Stored entries
"""
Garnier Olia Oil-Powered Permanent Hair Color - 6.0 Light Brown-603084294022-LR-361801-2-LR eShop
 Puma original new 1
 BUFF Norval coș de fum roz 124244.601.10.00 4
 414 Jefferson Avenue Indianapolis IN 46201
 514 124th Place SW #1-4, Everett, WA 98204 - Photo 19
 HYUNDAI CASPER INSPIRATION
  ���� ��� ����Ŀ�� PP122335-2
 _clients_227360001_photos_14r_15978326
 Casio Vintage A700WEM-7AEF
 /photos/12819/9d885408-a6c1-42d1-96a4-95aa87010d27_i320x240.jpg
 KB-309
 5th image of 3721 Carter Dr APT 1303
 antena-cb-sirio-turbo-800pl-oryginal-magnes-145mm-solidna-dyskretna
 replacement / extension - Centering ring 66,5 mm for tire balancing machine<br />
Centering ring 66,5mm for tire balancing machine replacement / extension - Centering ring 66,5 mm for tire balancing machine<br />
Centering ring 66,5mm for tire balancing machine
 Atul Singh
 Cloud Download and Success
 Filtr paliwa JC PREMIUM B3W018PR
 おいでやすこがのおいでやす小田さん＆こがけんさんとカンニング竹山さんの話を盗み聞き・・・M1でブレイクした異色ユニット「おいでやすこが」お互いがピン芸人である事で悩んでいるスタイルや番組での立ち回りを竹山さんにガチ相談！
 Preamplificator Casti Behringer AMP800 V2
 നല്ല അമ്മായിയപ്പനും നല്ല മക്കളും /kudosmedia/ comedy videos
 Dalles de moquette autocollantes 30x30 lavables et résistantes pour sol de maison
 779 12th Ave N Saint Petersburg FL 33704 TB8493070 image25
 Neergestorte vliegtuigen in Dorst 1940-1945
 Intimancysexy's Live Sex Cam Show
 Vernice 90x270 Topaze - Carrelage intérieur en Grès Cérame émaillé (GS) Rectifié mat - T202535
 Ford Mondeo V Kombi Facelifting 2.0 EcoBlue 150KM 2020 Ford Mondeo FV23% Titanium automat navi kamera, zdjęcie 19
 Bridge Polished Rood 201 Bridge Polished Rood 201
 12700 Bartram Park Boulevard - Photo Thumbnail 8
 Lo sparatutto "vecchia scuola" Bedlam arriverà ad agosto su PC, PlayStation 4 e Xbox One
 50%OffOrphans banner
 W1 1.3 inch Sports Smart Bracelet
"""
* _The problem_: Give an exact copy of the lines from the one with "നല്ല അമ്മായിയപ്പനും നല്ല" through the end of the entries, both ends included.

* _Your solution_:
 നല്ല അമ്മായിയപ്പനും നല്ല മക്കളും /kudosmedia/ comedy videos
 Dalles de moquette autocollantes 30x30 lavables et résistantes pour sol de maison
 779 12th Ave N Saint Petersburg FL 33704 TB8493070 image25
 Neergestorte vliegtuigen in Dorst 1940-1945
 Intimancysexy's Live Sex Cam Show
 Vernice 90x270 Topaze - Carrelage intérieur en Grès Cérame émaillé (GS) Rectifié mat - T202535
 Ford Mondeo V Kombi Facelifting 2.0 EcoBlue 150KM 2020 Ford Mondeo FV23% Titanium automat navi kamera, zdjęcie 19
 Bridge Polished Rood 201 Bridge Polished Rood 201
 12700 Bartram Park Boulevard - Photo Thumbnail 8
 Lo sparatutto "vecchia scuola" Bedlam arriverà ad agosto su PC, PlayStation 4 e Xbox One
 50%OffOrphans banner
 W1 1.3 inch Sports Smart Bracelet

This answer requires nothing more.